ALBERTO Alcontin, a 52-year-old resident of Barangay Guadalupe in Carcar City, had to adjust his household’s rice consumption in response to soaring rice prices.

Alcontin shared with SunStar Cebu on April 8, 2024, the challenges his family of three faces due to the escalating prices of this staple food item.

Formerly accustomed to purchasing 10 kilograms of rice per week to sustain his family, he said he is now forced to reduce that amount by half.

Alcontin added that they have chosen to skip rice and substitute bread for breakfast to stretch the five kilograms over six days, saving it for lunch and dinner.

“Sauna, sa usa ka semana, imbes 10 kilos amoang i-konsumo, five kilos na lang. Kay inig buntag, dili na lang mi mokaon og kan-on, inig paniudto na lang og panihapon,” he said.

(In one week, instead of consuming 10 kilos, we now only consume five kilos. Because in the morning, we no longer eat rice, only during lunch and dinner.)

He said the store where they buy rice sells each kilo for over P60, a significant increase from the previous price of at least P40 per kilo of rice in recent months.

He usually buys Excellent or Ivory premium rice.

Last week, SunStar Cebu reported that the Philippine Statistics Authority (PSA) central office projected rice prices to potentially continue rising until July 2024.
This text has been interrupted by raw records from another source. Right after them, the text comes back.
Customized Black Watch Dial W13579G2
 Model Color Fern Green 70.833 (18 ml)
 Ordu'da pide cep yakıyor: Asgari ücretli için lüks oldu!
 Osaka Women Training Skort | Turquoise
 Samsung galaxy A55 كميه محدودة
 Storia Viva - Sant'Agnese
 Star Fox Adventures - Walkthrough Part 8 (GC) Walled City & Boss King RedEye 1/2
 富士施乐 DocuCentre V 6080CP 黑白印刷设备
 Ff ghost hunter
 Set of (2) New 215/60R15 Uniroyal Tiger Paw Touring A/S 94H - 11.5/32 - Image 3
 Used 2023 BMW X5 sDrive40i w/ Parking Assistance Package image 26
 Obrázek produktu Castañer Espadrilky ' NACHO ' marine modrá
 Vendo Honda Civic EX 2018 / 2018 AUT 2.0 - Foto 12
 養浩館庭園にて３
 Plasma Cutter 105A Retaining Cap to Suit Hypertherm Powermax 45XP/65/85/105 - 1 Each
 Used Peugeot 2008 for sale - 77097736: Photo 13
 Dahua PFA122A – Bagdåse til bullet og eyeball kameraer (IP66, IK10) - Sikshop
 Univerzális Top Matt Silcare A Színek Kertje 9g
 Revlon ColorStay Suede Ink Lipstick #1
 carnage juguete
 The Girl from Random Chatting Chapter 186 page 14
During a press conference on Friday, April 5, PSA director Dennis Mapa highlighted a record-breaking increase in rice inflation. In March 2024, rice inflation reached 24.4 percent, surpassing February 2024’s rate of 23.7 percent.

Inflation means one has to pay more for the same goods and services.

March 2024 marked the highest rice inflation rate in the past 15 years, surpassing the 24.6 percent recorded in February 2009.

“Our expectation is it will increase strongly until July because of the low base effect... unless there is an intervention that will happen in the market that will bring down prices,” he said, adding that prices of rice may gradually slow down by August 2024.

The low base effect in inflation happens when the inflation rate in the previous year was unusually low, as inflation is measured as a percentage change compared to the previous baseline.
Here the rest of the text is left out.